Beginning at the line containing "this 925×694 image.", repeat each line below exactly up to and including the line containing "this 600×400 image.". Do not repeat the pictures.
● ● ●
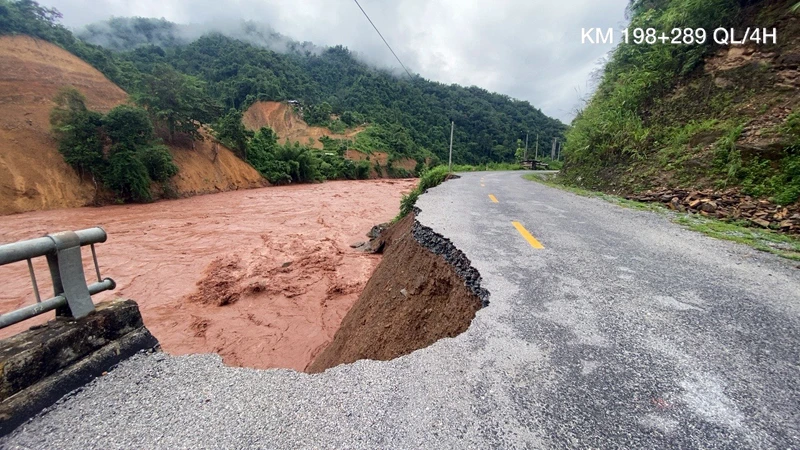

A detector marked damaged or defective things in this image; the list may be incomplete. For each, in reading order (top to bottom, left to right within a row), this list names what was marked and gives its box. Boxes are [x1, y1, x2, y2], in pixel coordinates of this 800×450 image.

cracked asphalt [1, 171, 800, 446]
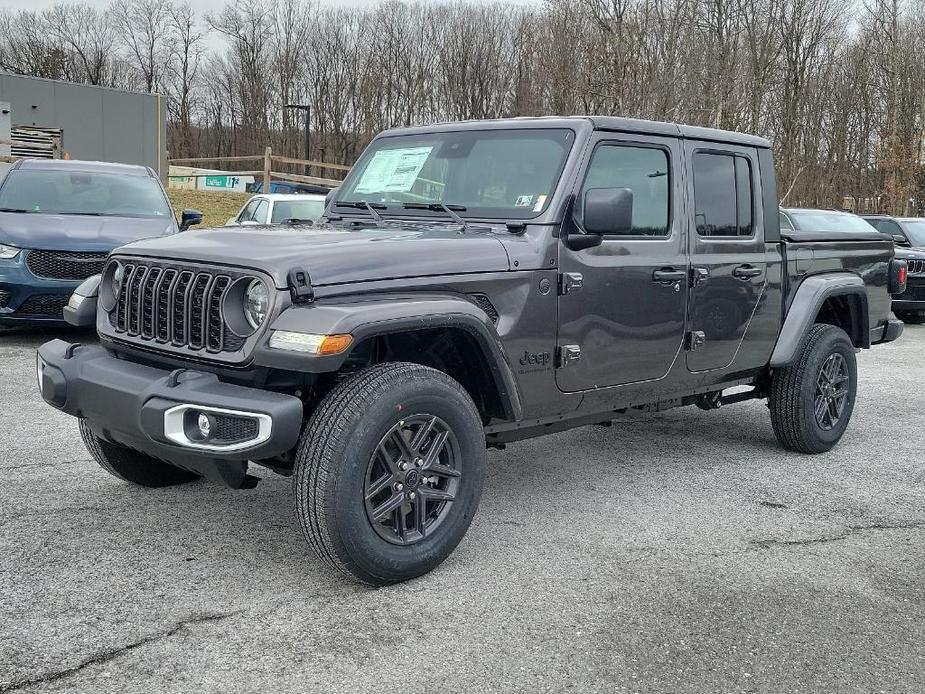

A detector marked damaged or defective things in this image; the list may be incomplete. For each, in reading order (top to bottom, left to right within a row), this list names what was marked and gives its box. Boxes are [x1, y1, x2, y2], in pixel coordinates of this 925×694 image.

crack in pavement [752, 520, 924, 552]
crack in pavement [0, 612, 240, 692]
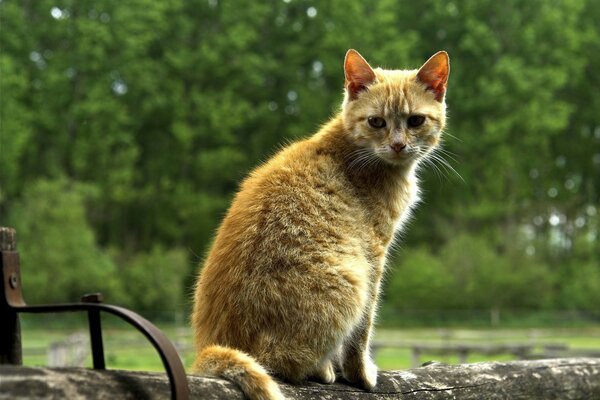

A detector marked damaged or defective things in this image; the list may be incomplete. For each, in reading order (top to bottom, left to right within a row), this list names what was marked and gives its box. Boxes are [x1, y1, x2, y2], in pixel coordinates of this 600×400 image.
● ● ●
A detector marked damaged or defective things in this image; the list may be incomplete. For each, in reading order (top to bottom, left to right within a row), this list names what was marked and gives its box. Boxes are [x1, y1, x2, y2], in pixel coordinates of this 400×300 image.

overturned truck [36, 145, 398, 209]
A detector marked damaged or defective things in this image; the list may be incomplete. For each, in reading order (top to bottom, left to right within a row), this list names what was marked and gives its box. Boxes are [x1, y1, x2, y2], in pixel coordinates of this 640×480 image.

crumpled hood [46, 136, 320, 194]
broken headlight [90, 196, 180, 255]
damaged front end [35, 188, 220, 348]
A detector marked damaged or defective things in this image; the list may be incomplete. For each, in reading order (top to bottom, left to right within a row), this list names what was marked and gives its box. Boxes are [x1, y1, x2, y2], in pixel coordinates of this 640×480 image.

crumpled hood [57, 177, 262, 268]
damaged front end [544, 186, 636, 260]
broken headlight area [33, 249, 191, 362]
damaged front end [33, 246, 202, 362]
● ● ●
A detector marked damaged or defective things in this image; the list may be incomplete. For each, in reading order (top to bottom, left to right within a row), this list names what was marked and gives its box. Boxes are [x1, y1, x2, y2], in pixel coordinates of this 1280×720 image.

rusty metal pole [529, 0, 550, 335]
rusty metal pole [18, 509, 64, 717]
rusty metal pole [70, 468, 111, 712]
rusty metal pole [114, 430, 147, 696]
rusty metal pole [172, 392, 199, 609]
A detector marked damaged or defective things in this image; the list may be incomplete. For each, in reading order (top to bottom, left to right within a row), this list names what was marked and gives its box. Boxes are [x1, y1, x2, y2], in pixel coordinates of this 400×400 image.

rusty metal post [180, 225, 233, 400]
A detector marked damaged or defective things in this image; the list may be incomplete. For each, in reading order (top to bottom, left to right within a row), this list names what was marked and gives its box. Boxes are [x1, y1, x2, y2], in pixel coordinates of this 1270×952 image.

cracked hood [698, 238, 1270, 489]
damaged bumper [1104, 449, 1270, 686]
● ● ●
* Task solution:
A detector marked damaged or defective things in this image; the list may be incomplete. For each, in reading order (top to bottom, left to right within a row), this list names what was marked and gives its box. Boxes are [x1, y1, x2, y2], in pixel coordinates of this 925×694 image.

crack in pavement [752, 520, 924, 552]
crack in pavement [0, 612, 240, 692]

A detector marked damaged or defective things in this image; the list may be incomplete. For each, in reading order (top to bottom, left to right within a row), this list names what was marked and gives its box. Boxes are [x1, y1, x2, y2], in pixel coordinates of this 600×400 image.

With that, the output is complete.